# Luck of the draw on last drain call



## DUNBAR PLUMBING (Sep 11, 2008)

:no:



Last call of the evening, I 'thought' I'd put my Spartan 81 to work with a new cable. Bent up the cable trying to rod out a drain, got pissed and threw the machine and all off a porch into the truck. 

Had the 300 on the back of the truck, should of went for the bigger of the two first. 


Drop the trap, remove the trap arm, off I go with a 3/8" cable bent like a whip. 

I knew I was in for trouble on this drain given its age (50+ year old plumbing) and I didn't even want to look at what I had to go through, knew it was bad. 

Took 10 minutes to get the cable 20+ feet with reversing the machine every so many feet. Hard obstructions 3-5 times till I got out far enough where I could hear echoing through the drain, wasn't dripping anymore either. 

So I pull the cable back, starting to hear a ringing noise. ??? 


Got to the end, somehow I brought back a brass ring washer. Had to be from a drain machine that was in there years ago. 

Put the trap back on, ran hot water wide open, checked all lower fixtures to make sure I didn't move the clog further down the line, all was good.


Here's what I accomplished tonight:


Galvanized 2" that goes vertical in the wall, 90's and 18" to the horizontal, a tee turned vertical again for the drain. The rest of that line heads over and serves as a combination waste/vent picking up a toilet and lav on the basement level. 

How in the **** I was able to get that cable to drop through that straight tee was amazing. Couldn't of done that twice no matter what. 

Just looking at the drain configuration has me scared it'll clog again someday because it could take three times longer to get it open, knowing the difficulty of keeping a cable from shooting across the tee and following the vent across. 

It "could" be very possible at this point that I did go straight across, but the vertical pipe was warm from the water I was running. 

Or, I did go straight across, kitchen sink is now draining through the vents of the lav and toilet on the basement level. 

But the brass flat washer has me believing there was an attachment lost in that drain that I retrieved by accident, at least part of it.

2 drain calls today that made good money, both were relatively easy.


----------



## MACPLUMB777 (Jun 18, 2008)

Yeah Dunbar now thats why they pay us the big bucks ! :thumbup:


----------



## younger-plumber (Sep 12, 2008)

i love those calls...repipe pays way better than snaking ancient pipes!


----------



## DUNBAR PLUMBING (Sep 11, 2008)

I don't think I could do drain cleaning in and out daily. 4-6 times a week, great. 4-6 times a day, nevah!


----------



## CaberTosser (Mar 7, 2013)

One time I had a call where I was just augering a toilet. I had it cleared, but my auger was hanging up on something; I yarded on the thing and got it out with some of that twisted-wire chain attached to it like you'd use to hang infra-red heaters. I got quite a length out but it hung up on the leader buckle not making the tee-wye; it was a chain to tie up a dog in the yard! I checked the stack from the roof of the one storey bungalow and could see it, so I bent a retrieval hook on the end of a piece of copper tubing and went fishing, I needed to solder another 6' to it to reach the leader and snagged the thing. 

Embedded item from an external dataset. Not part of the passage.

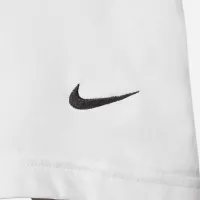Nike Track Club мужские Dri-FIT Short-Sleeve Running Top цвет белый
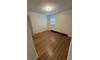 Gallery Image 20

I surmised the cause of the chain being in that unusual spot to be the 3 rambunctious young sons of the customer.


----------



## JAraiza (May 7, 2012)

I have learned valuable lessons with cables getting hung up in the lines. The first lesson: use the right size machine for the job. never ever use a cutter on a kinked cable. Another lesson is not to use a kink cable from a roof vent in old plumbing. If you get several kinks in your cable line replace it fast or be aware of the consequences. If you do get one stuck try the forward and reverse method but sometimes letting the cable settle sometimes has done the trick of releasing it when pulling vigorously for any kind of retraction. Whatever you do, if you feel any resistance pull back, always pull back and check your head or cutter. Anyone else have any tricks for this? I probably left out some.


----------